分析屋 研究開発チームのkです。前回に続いて、約半年前に趣味で始めたランニングと勉強中のBIについて書きます。

編集の都合により、本記事の執筆時期(6月20日から6月30日、7月5日から7月10日)と公開時期に多少の時差があります。ご了承ください。

前回のまとめと今回の概要

前回の記事では、複数のjsonファイルを加工してcsvに変換し、Power BIとデータを接続し、ダッシュボード作成を始めました。

今回はダッシュボードにゲージ、カード、カレンダーのビジュアルを追加します。




ダッシュボード作成

ダッシュボード作成の続きをします。タイトルとスライサーは作ったので、残りはゲージとカードとカレンダーです。

ビジュアルの設定

ゲージの設定

ゲージは以下のように、「値」、「最小値」、「最大値」、「目標値」の4つの値で構成されるビジュアルです。

ゲージの例

左下の「0」が「最小値」、真ん中の「84.61」が「値」、右上の「80.00」と黒い線が「目標値」、右下の「100」が「最大値」です。

「最小値」から「値」までが塗り潰されるようになっていて、進捗度合いを可視化するのに便利です。
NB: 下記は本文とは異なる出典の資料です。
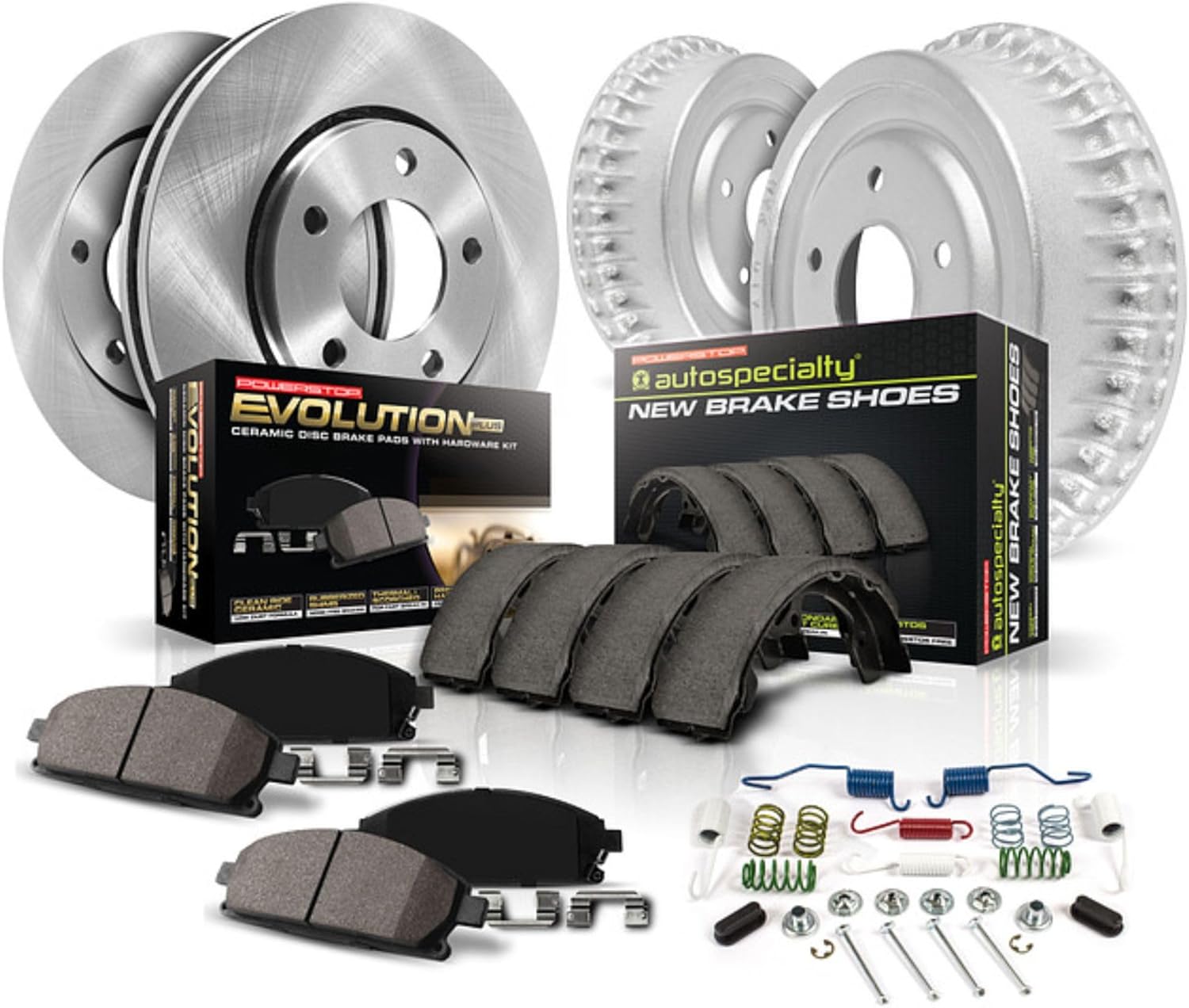 Power Stop KOE15263DK Autospecialty Front and Rear Replacement Brake Kit-OE Brake Drums & Ceramic Brake Pads For 2009-2013 Chevy Silverado 1500 GMC Sierra 1500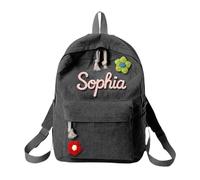 Zaino personalizzato per ragazze e ragazze, borsa per la scuola tessuta corda di cotone, borsa per la scuola dell'alfabeto per e laptop zaini da uomo (nero, B)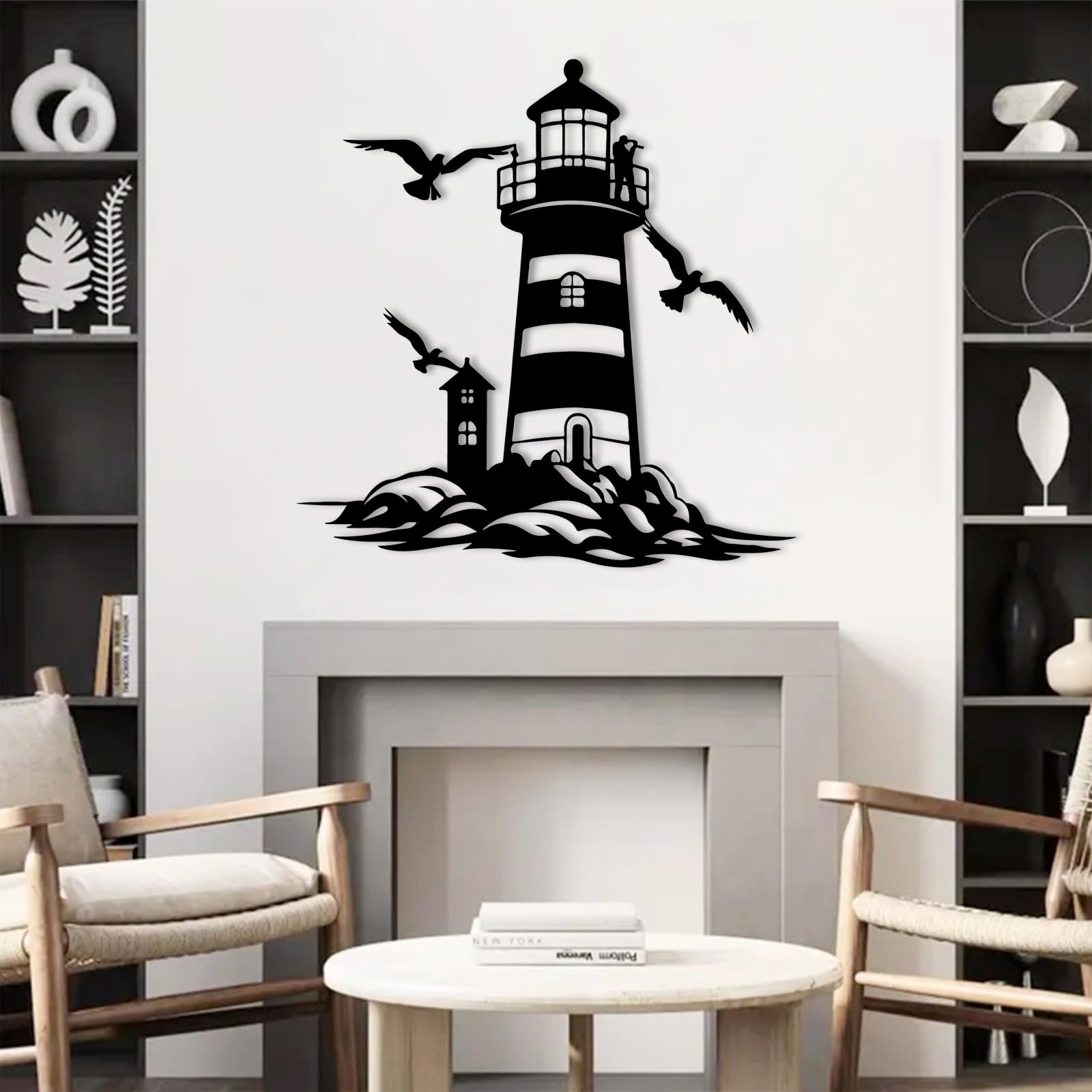 Metall Wanddeko Schwarz abstrakter Leuchtturm, schwarze Wanddeko Möwe Strand modern Moderne Wandbild Metall für Wanddekoration Wohnzimmer, Schlafzimmer, Flur und Treppe, Natur-Wohndekor(Black, 28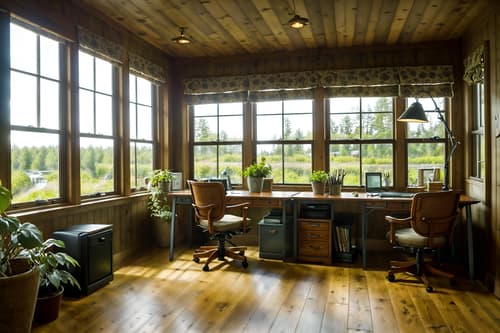 photo from pinterest of cottagecore-style interior designed (office interior) with computer desks and seating area with sofa and desk lamps and office desks and plants and windows and cabinets and lounge chairs. . with cottage style and floral patterns and organic and country style and traditional and earthy and muted colors and natural. . cinematic photo, highly detailed, cinematic lighting, ultra-detailed, ultrarealistic, photorealism, 8k. trending on pinterest. cottagecore interior design style. masterpiece, cinematic light, ultrarealistic+, photorealistic+, 8k, raw photo, realistic, sharp focus on eyes, (symmetrical eyes), (intact eyes), hyperrealistic, highest quality, best quality, , highly detailed, masterpiece, best quality, extremely detailed 8k wallpaper, masterpiece, best quality, ultra-detailed, best shadow, detailed background, detailed face, detailed eyes, high contrast, best illumination, detailed face, dulux, caustic, dynamic angle, detailed glow. dramatic lighting. highly detailed, insanely detailed hair, symmetrical, intricate details, professionally retouched, 8k high definition. strong bokeh. award winning photo.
このビジュアルを活用して、その月の走行距離と目標走行距離を比較し、目標を達成しているかいないか、目標を何km上回っているか下回っているかを確認できるようにします。

「値」は「走行距離」列の合計、「最小値」は0km、「最大値」は100kmとします。「目標値」は80kmとします。80kmにしたのは、1週間に20km(平日に5km走を2回、土日に10km走を1回走るペース)ならギリギリ継続できそうだったからです。参考までに、日本橋から小田原までの距離が約80kmです。
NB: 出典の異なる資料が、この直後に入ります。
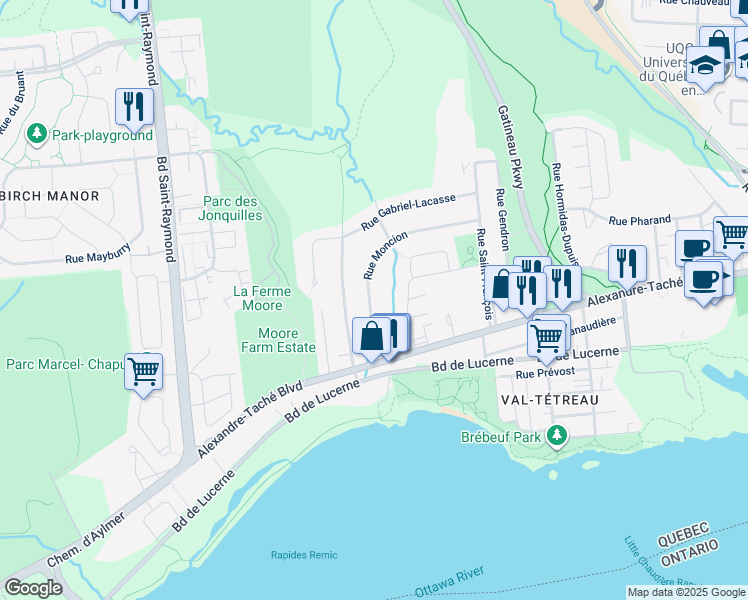 map of restaurants, bars, coffee shops, grocery stores, and more near 59 Rue Moncion in Gatineau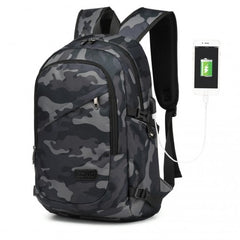 E6715 - Kono Business Laptop Backpack with USB Charging Port - Camo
さて、「最小値」「最大値」「目標値」に設定する値が決まったので、これらの値に対応するメジャーを作成します。「ホーム」、「計算」、「新しいメジャー」から以下の3つのメジャーを作成します。

ゲージ最小値 = 0

ゲージ最大値 = 100

月間目標走行距離 = 80

メジャーを作成したら、「値」、「最小値」、「最大値」、「目標値」を設定します。自動生成されたタイトルが長いので、「ビジュアルの書式設定」、「全般」、「タイトル」からタイトルを「進捗(km)」に変更します。

ゲージの設定が終わったときの画面

テストのため、画面右上のスライサーから「2024年5月」を選択します。先月は100km走ったようです。

スライサーで「2024年5月」を選択したときの画面

今度はスライサーで「2024年6月」を選択します。今月は47km走ったようです。「ゲージ目標値」の80kmと比べると33km足りていません。

スライサーで「2024年6月」を選択したときの画面

今月の走行距離が全然足りていないことは一旦置いておいて、固定値である「月間目標走行距離」を「目標値」として表示することには1つ問題があります。
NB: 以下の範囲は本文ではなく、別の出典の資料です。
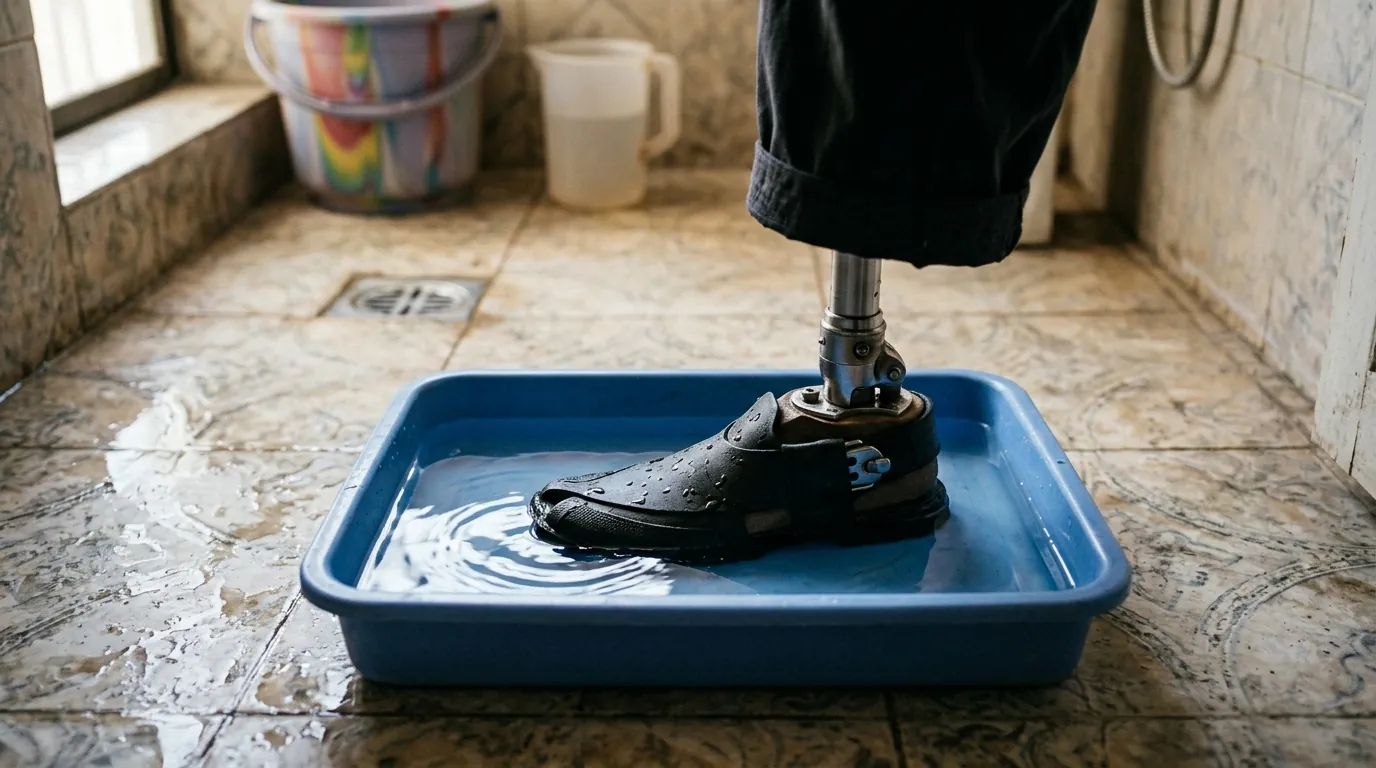 Waterproof prosthetic foot standing in a tray of water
それは、毎月月初に「目標値までの残り距離」が80kmになってしまうことです。1か月間あるとはいえ、日本橋から小田原まで走るのは途方もない距離に感じてしまいます。それよりは、マラソンのようにペースメーカーとして「目標値」を置き、その進度に合わせて運動計画を立てられるようにした方が役立つでしょう。

ペースメーカーの進度を計算するために、具体例を考えます。
例えば、今月が28日ある月で、今日が7日で、「月間目標走行距離」が80kmだった場合、7 / 28 * 80= 20km 走っていれば、このペースを維持することで月末には目標を達成できることになります。 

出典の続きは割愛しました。